___ Task inputs ___
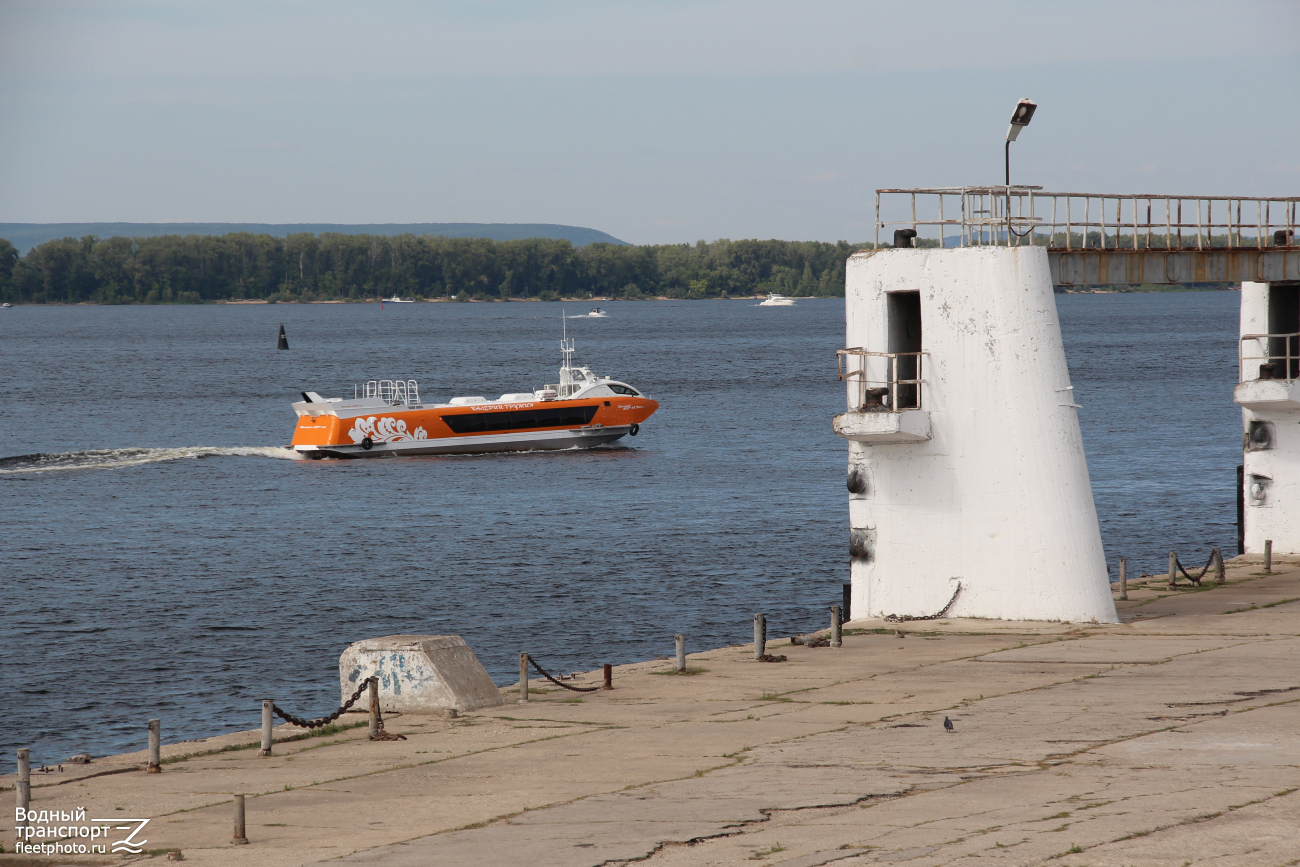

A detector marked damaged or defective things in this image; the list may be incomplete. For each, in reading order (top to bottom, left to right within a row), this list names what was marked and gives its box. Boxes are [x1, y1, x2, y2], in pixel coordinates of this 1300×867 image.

rusty metal railing [878, 188, 1294, 252]
rusty metal railing [837, 348, 920, 413]
rusty metal railing [1237, 332, 1300, 382]
rusty chain [527, 657, 603, 691]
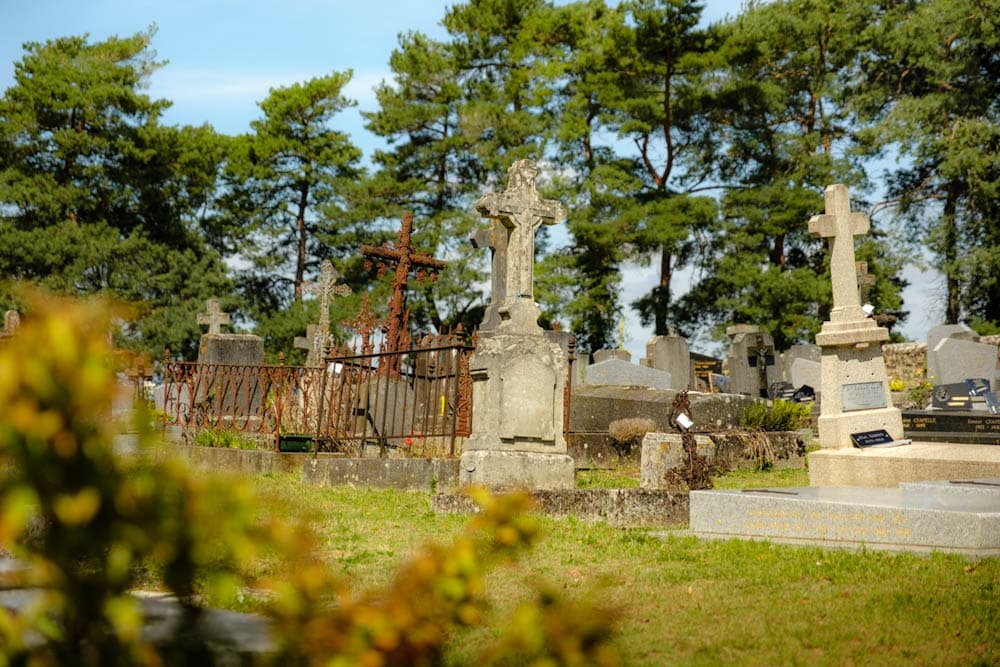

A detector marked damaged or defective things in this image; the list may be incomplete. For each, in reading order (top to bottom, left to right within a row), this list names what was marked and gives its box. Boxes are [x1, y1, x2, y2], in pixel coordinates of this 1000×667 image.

rusty iron cross [194, 300, 229, 336]
rusty iron cross [364, 213, 446, 358]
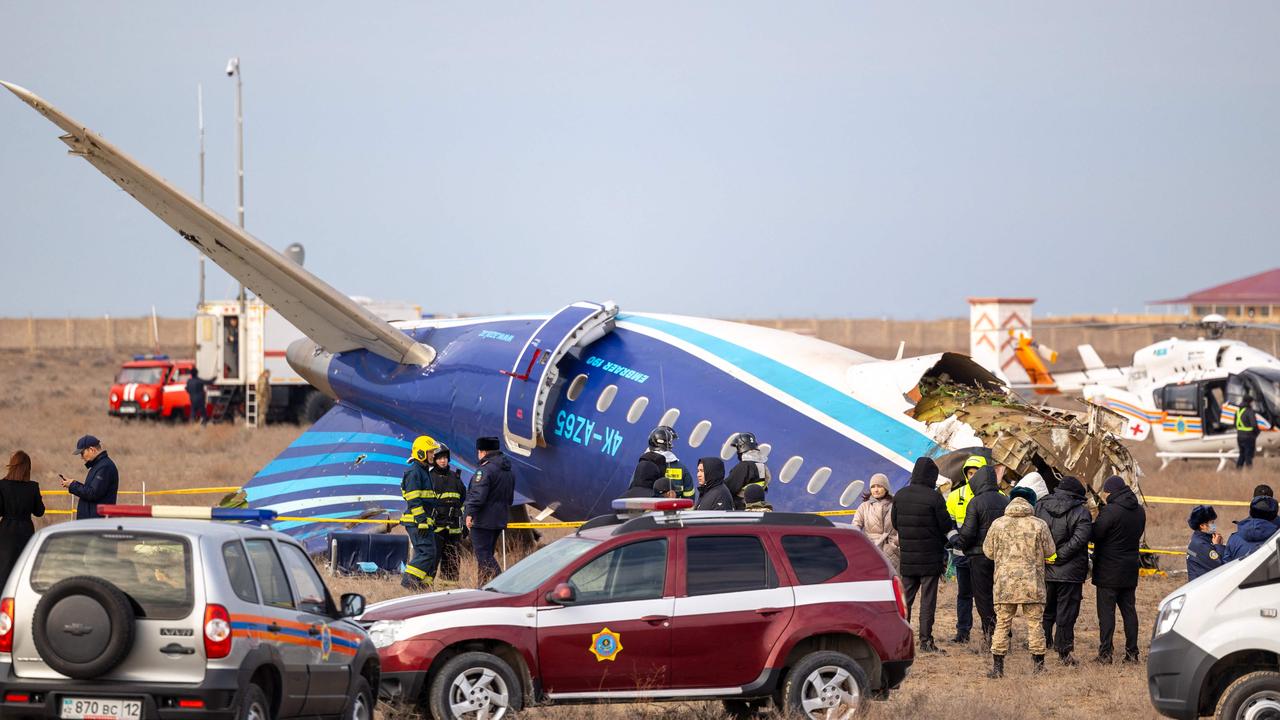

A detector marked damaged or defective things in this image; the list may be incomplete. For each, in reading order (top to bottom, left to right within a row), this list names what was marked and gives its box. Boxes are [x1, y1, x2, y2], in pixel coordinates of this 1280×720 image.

crashed blue airplane [0, 80, 1136, 552]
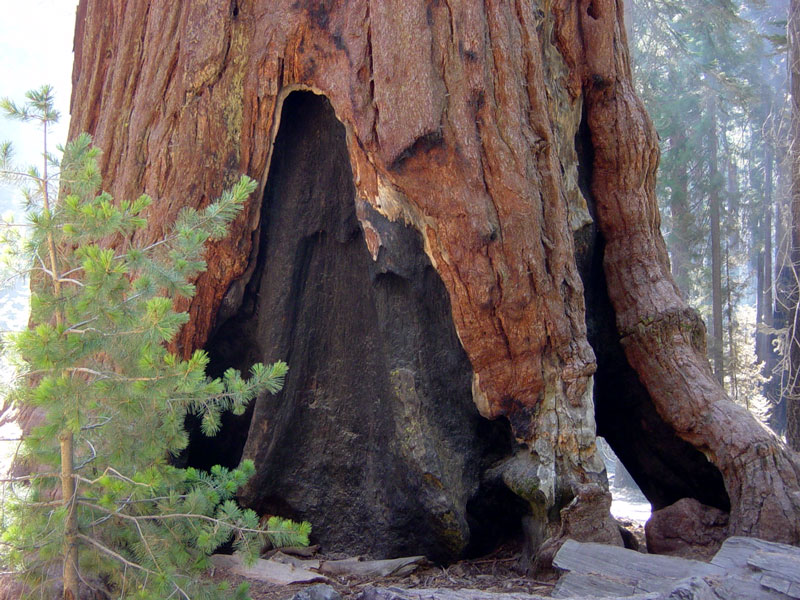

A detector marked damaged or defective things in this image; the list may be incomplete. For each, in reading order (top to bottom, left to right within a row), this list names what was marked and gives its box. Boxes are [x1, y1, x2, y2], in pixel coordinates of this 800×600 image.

charred interior [184, 91, 528, 560]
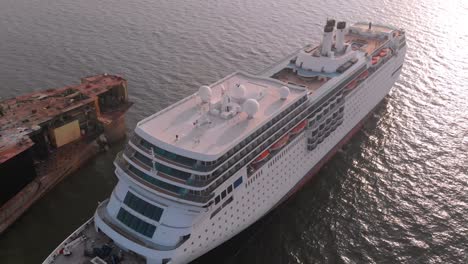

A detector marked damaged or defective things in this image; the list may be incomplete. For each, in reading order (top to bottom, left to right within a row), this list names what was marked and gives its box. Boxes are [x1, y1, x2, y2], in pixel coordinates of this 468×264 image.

rusty ship hull [0, 73, 132, 233]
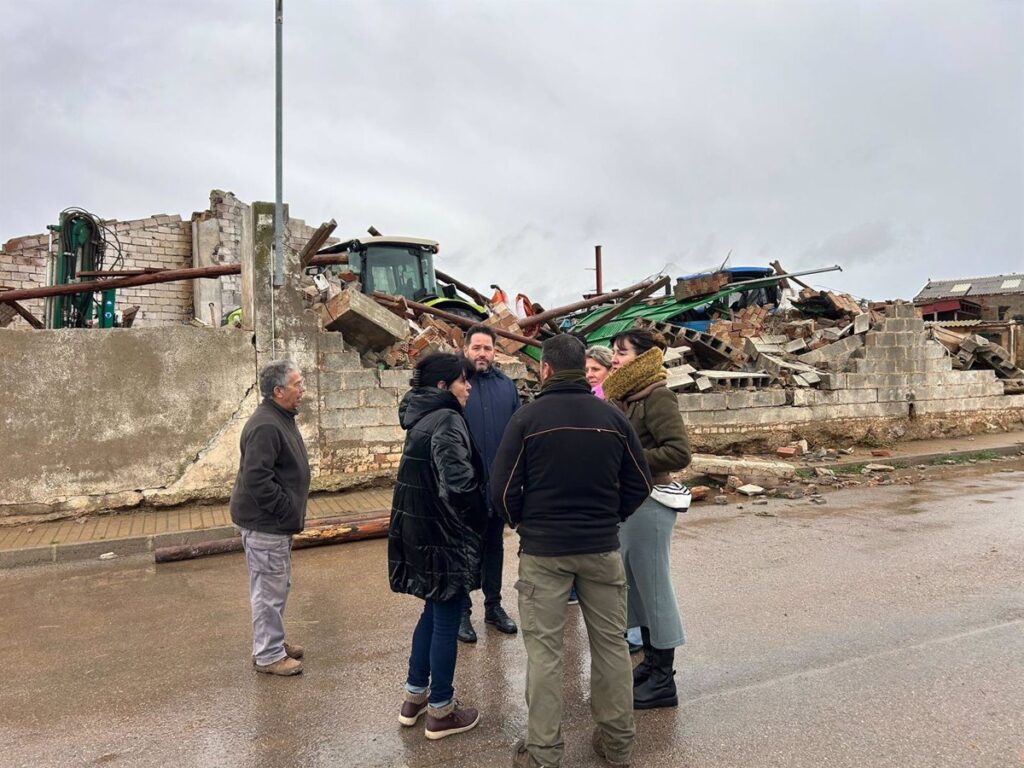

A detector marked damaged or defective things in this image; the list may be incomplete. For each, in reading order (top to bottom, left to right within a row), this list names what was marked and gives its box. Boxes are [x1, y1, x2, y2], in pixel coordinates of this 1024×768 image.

rusty metal beam [0, 264, 239, 303]
broken concrete slab [323, 286, 411, 354]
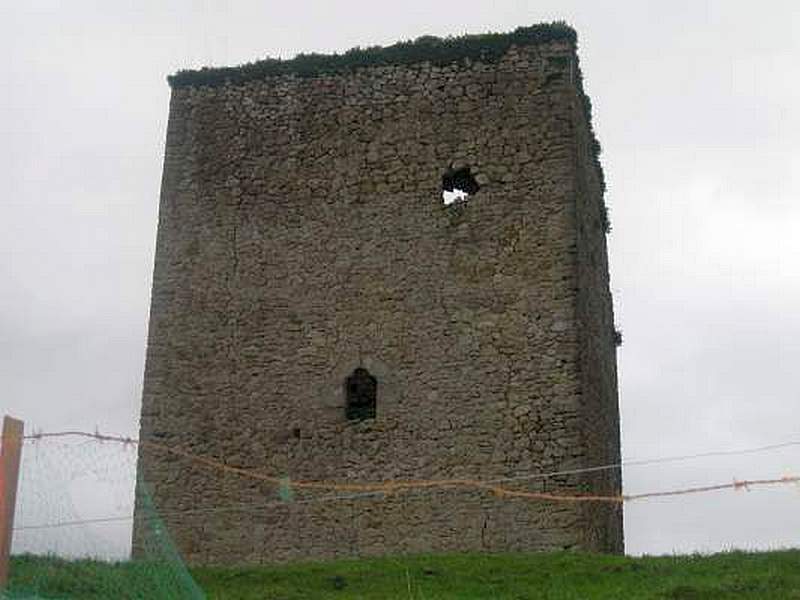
___
▸ **Problem details**: Exact copy required, pictures excluded: the lines from the one holding "this 1024×768 image." through the last line of the data, both ends included.

▸ **Answer space**:
A detector marked damaged or defective things in this image; the list may be incomplete. For each, in reading order (top to bottom, left to right within a row), this list names what was marked and gives its box. Boxes are [x1, y1, x2, y2], in pixel coordinates of this 1024×768 image.

rusty metal beam [0, 264, 239, 303]
broken concrete slab [323, 286, 411, 354]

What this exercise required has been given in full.